Burlington Councilors Debate Resolution To Re-Implement Ranked Choice Voting
Burlington City Councilors have given initial approval to a measure that could change the city charter to allow Ranked Choice Voting.
In 2005 Burlington implemented Instant Runoff Voting, also known as Ranked Choice Voting, but after dissatisfaction with a mayoral election, a citizens’ initiative led to its repeal in 2010.
Three Progressive councilors offered a resolution Monday evening that would “reintroduce ranked choice voting for the election of the city’s mayor, city councilors, and school commissioners.” The Charter Change Committee would review the proposal and make recommendations to the council by its December 16th meeting in order to place the question on the March Town Meeting Day ballot.
Primary sponsor East District Councilor Jack Hanson says the current system is outdated, flawed and needs to be changed. “Some people might say this system is too complicated for voters. Let's let the voters decide. What this is about is giving the voters of Burlington the opportunity to decide what voting system they would like to use.”
A number of residents spoke in favor of the measure during the public comment period. Resident Joe Scrementi said Burlington must live up to its reputation as a haven of liberal policy and democracy by implementing ranked choice voting. “Voters are given more choices. It decreases the impact of money in politics. A Rutgers’ study found that ranked choice voting campaigns when they were friendlier, they're more likely to win. Lastly, a University of Missouri study shows that ranked choice voting elections are associated with a 10 point increase in voter turnout. I'd like to see the council put this issue to the voters and if inaction follows we will gather the signatures required to get it on the ballot.”
As the debate began, Republican City Council President Kurt Wright said the system didn’t work well a decade ago. “In Burlington it did not do away with negative campaigning. It was very negative. We did not have increase in voter participation. But what we did get was a race that didn't inspire people because everybody was afraid to take strong vigorous stands on issues.”
South District Democrat Joan Shannon supports ranked voting but offered an amendment to allow more time and consideration of other election methods in the Charter Change Committee. “This proposal asks for us to send this to Charter Change Committee for what appears to be a preordained result of recommending it and returning it in one week's time.”

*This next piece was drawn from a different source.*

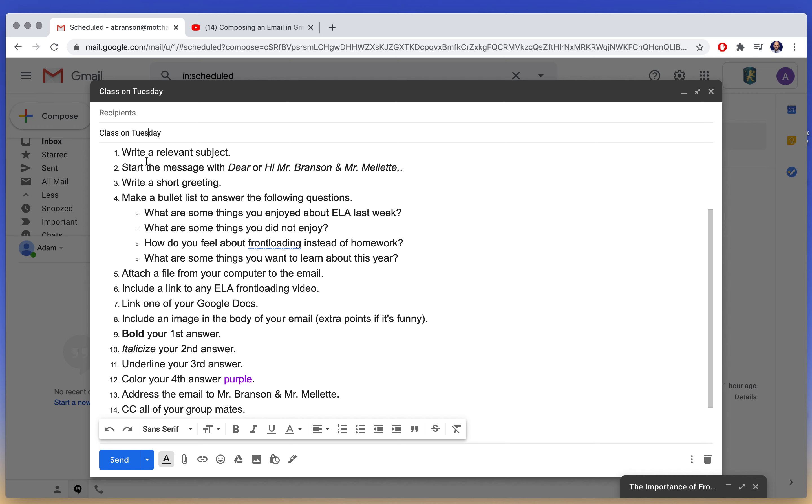You're going to write a relevant subject. You are going to start the message with Dear Mr. Branson and Mr. Millet, or Hi Mr. Branson and Mr. Millet. Get a short greeting. Don't just start talking in the email, but say things like, I really enjoyed your class yesterday or I hope you're feeling well. Things like that.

Ward 1 Independent Sharon Foley Bushor worried that because the idea is not new its baggage could compromise eventual passage by voters. “If it's a fresh idea you can go forward just like we did in 2005 and people were receptive and they were interested. But when you've had a bad experience with something then it takes more time to reintroduce and get people on board. I want this to pass. But I am concerned about the timeline.”
The amendment to adjust the timeline failed on a 6-6 vote. The original resolution then passed on a 9 to 3 vote.